Keuntungan finansial berlipatganda
Piranti tersebut nantinya diperluas agar memungkinkan pemerintah, perusahaan, organisasi bantuan dan Lembaga lain mengevaluasi risiko gabungan dari kawasan banjir di seluruh dunia, dan menyusun langkah intervensi yang bisa dilakukan.
Sejak 1980, bencana banjir telah menciptakan kerugian senilai lebih dari satu triliun dolar AS di seluruh dunia, menurut perusahaan asuransi Munich Re yang setiap tahun menerbitkan laporan risiko bencana global.
Menurut perusahaan asal Jerman itu, potensi bencana banjir berlipatganda lantaran populasi penduduk yang bertambah cepat, migrasi dan gelombang pembangunan yang mengancam masyarakat dan aset-aset perekonomian.
Data banjir yang dihimpun Aqueduct menunjukkan pada 2030 sebanyak 132 juta penduduk dan properti di kawasan urban senilai 535 miliar dolar AS akan terkena dampak banjir tahunan.
Penduduk di India, Bangladesh dan Pakistan diprediksi akan menjadi yang terdampak paling parah, sementara kawasan Republik Demokratik Kongo, India dan Cina akan mencatat kerguian materiil terbesar pada infrastruktur urban
Studi tersebut juga memperkirakan sebanyak 15 juta penduduk yang hidup di kawasan pesisir dan infrastruktur urban senilai 177 miliar dolar AS bakal dilanda banjir setiap tahun mulai 2030.
Indonesia bersama Vietnam, Bangladesh dan India diprediksi bakal mencatat kerugian terbesar pada penduduk di pesisir akibat banjir.

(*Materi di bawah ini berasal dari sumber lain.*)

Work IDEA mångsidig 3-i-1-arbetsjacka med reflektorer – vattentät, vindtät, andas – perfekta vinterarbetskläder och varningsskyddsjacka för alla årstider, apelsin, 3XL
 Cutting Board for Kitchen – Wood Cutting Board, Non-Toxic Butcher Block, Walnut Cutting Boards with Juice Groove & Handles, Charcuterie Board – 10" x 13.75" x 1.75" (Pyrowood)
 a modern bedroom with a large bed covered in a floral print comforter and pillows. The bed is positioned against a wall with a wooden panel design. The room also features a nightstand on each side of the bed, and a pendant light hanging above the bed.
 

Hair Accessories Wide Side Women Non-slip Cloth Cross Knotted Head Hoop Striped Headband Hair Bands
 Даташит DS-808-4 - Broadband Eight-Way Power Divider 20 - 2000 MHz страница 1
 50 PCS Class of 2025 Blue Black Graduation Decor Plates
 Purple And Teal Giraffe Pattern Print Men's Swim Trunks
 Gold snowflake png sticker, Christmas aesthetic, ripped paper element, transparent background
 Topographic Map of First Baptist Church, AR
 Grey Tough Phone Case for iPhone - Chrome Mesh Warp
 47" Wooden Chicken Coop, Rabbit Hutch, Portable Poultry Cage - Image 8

India juga akan mengalami kerusakan terbesar pada properti di kota, serupa di Cina dan Amerika Serikat.
Tidak ada beda antara miskin atau kaya
Data Aqueduct menempatkan ibu kota Jakarta, serta Mumbai dan Chennai di India dalam daftar kota yang paling terancam banjir. “Angkanya membuat kita sadar, terutama jika Anda melihat dampak seperti apa yang akan terjadi,” kata Betsy Otto kepada Thomson Reuters Foundation.
Fenomena banjir, katanya, “bukan cuma menyangkut negara miskin. Negara kaya dengan jaringan infrastrutur yang memadai juga harus ikut beraksi,” imbuhnya lagi.
Marc Bierkens, Professor Hidrologi di Unveristas Utrecht di Belanda mengatakan piranti baru seperti Aqueduct membantu memprediksi bagaimana perubahan iklim mempengaruhi kehidupan manusia.
“Dengan kondisi iklim seperti sekarang ini saja kerusakan ekonomi akibat banjir sudah sangat besar, dan akan terus membesar di masa depan sebagai dampak dari pemanasan global dan pertumbuhan sosial dan ekonomi,” kata dia.
“Banjir menambah daftar tantangan yang harus kita hadai,” tutur Betsy Otto. “Perlindungan banjir harus mendapat prioritas untuk investasi.”